Data extract
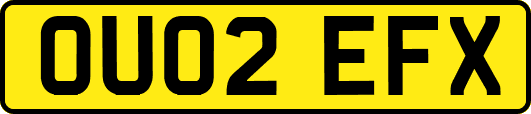 OU02EFX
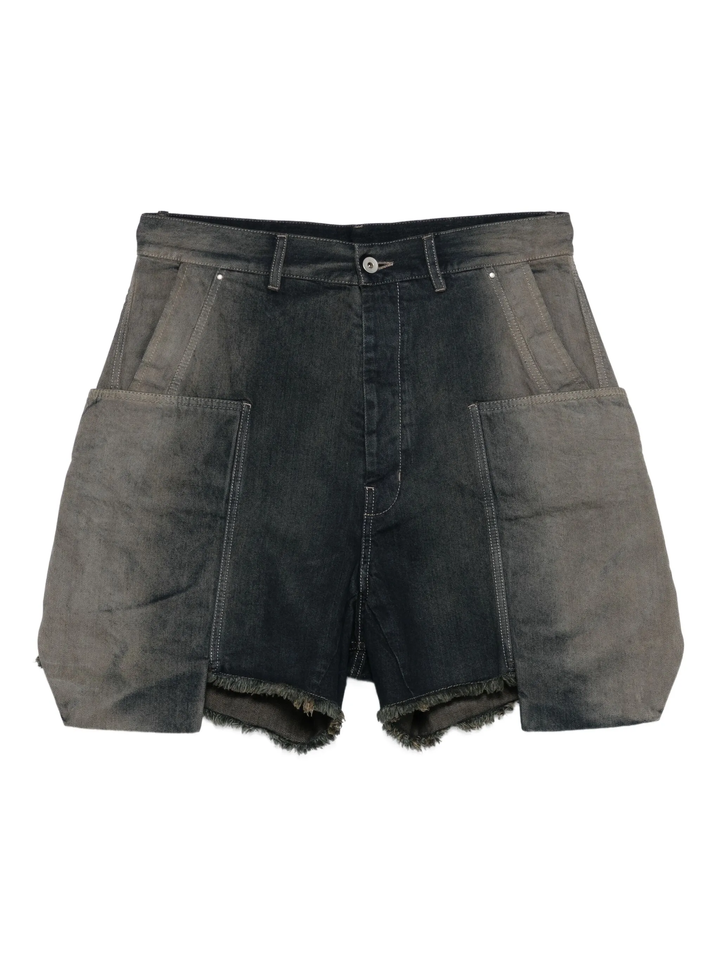 Stefan Cargo Shorts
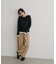 レイヤードシアーパックTシャツ《WEB限定カラーあり》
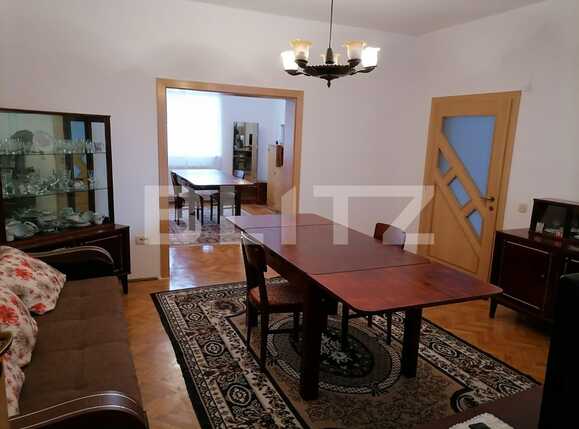 Apartament de închiriat 2 camere Florilor - 59819AI | BLITZ Brașov | Poza8
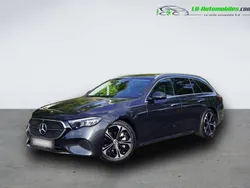 Utilisé 2024 Mercedes E300 Berline | 50 500 € (Bon prix)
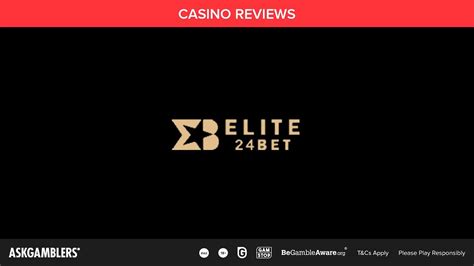 Elite24bet Casino Honduras
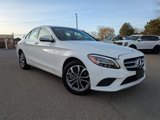 Used 2019 Mercedes-Benz C 300 4MATIC Sedan image 2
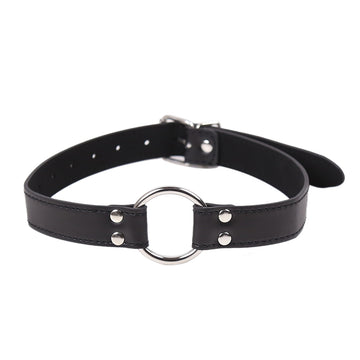 2 Inch Teasing Sex BDSM O-Ring Gag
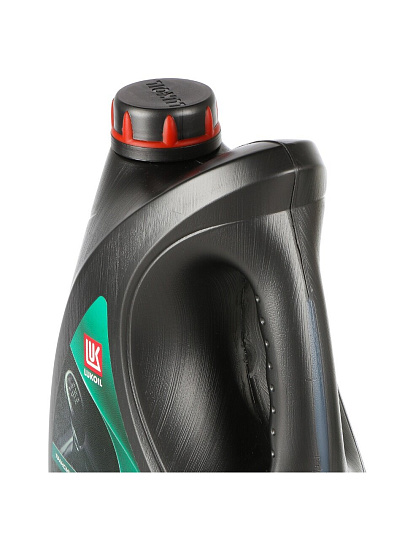 Масло трансмиссионное полусинтетическое, 75W90, Лукойл, GEAR GL-4, 4 л, 3590973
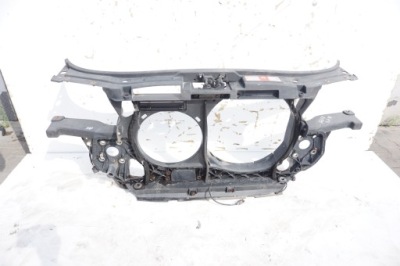 Усилитель pas передний audi a6 c5 фото №1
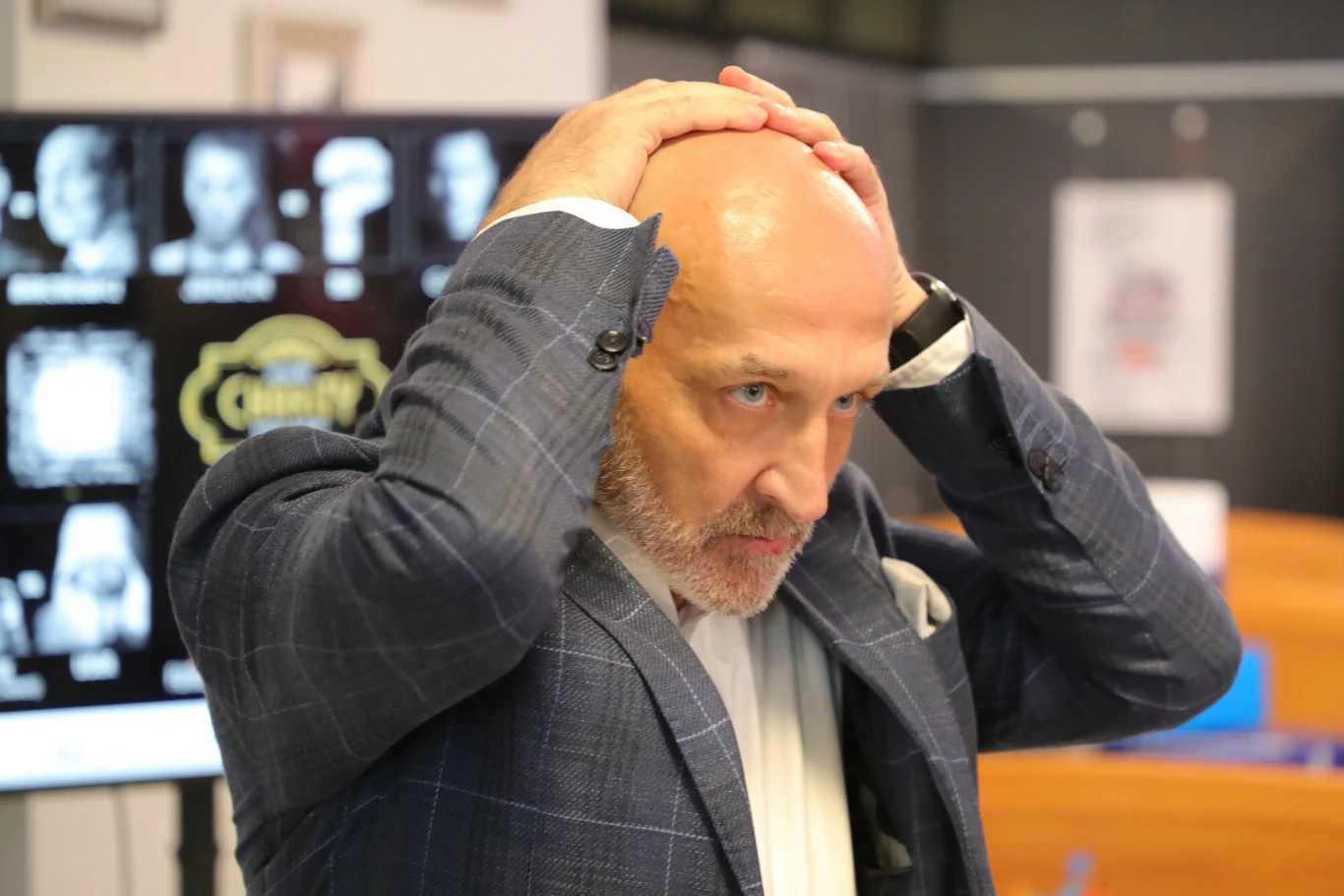 Kazimierz Marcinkiewicz Kazimierz Marcinkiewicz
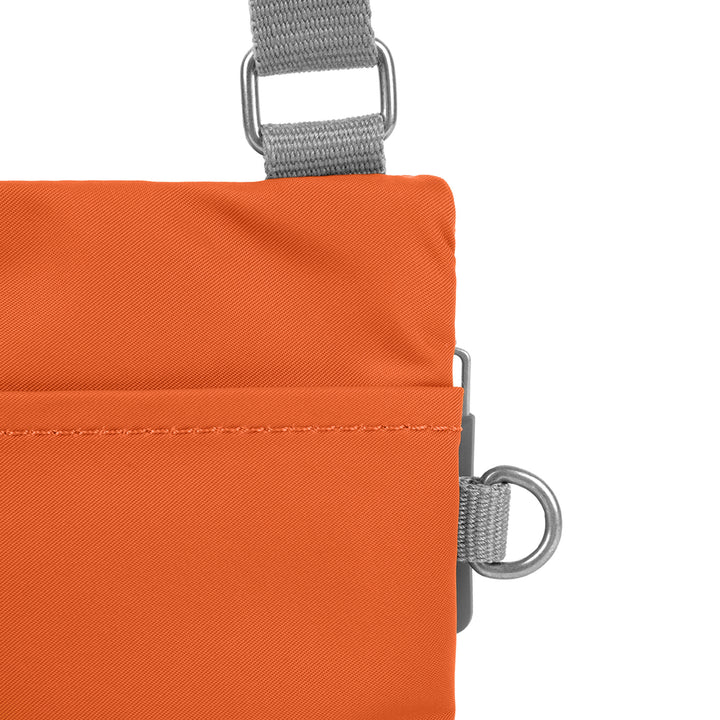 ROKA London | Chelsea - Extra Small -  Burnt Orange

Task goal
Without copying any picture, repeat all of the entries exactly.

Solution below
 OU02EFX
 Stefan Cargo Shorts
 レイヤードシアーパックTシャツ《WEB限定カラーあり》
 Apartament de închiriat 2 camere Florilor - 59819AI | BLITZ Brașov | Poza8
 Utilisé 2024 Mercedes E300 Berline | 50 500 € (Bon prix)
 Elite24bet Casino Honduras
 Used 2019 Mercedes-Benz C 300 4MATIC Sedan image 2
 2 Inch Teasing Sex BDSM O-Ring Gag
 Масло трансмиссионное полусинтетическое, 75W90, Лукойл, GEAR GL-4, 4 л, 3590973
 Усилитель pas передний audi a6 c5 фото №1
 Kazimierz Marcinkiewicz Kazimierz Marcinkiewicz
 ROKA London | Chelsea - Extra Small -  Burnt Orange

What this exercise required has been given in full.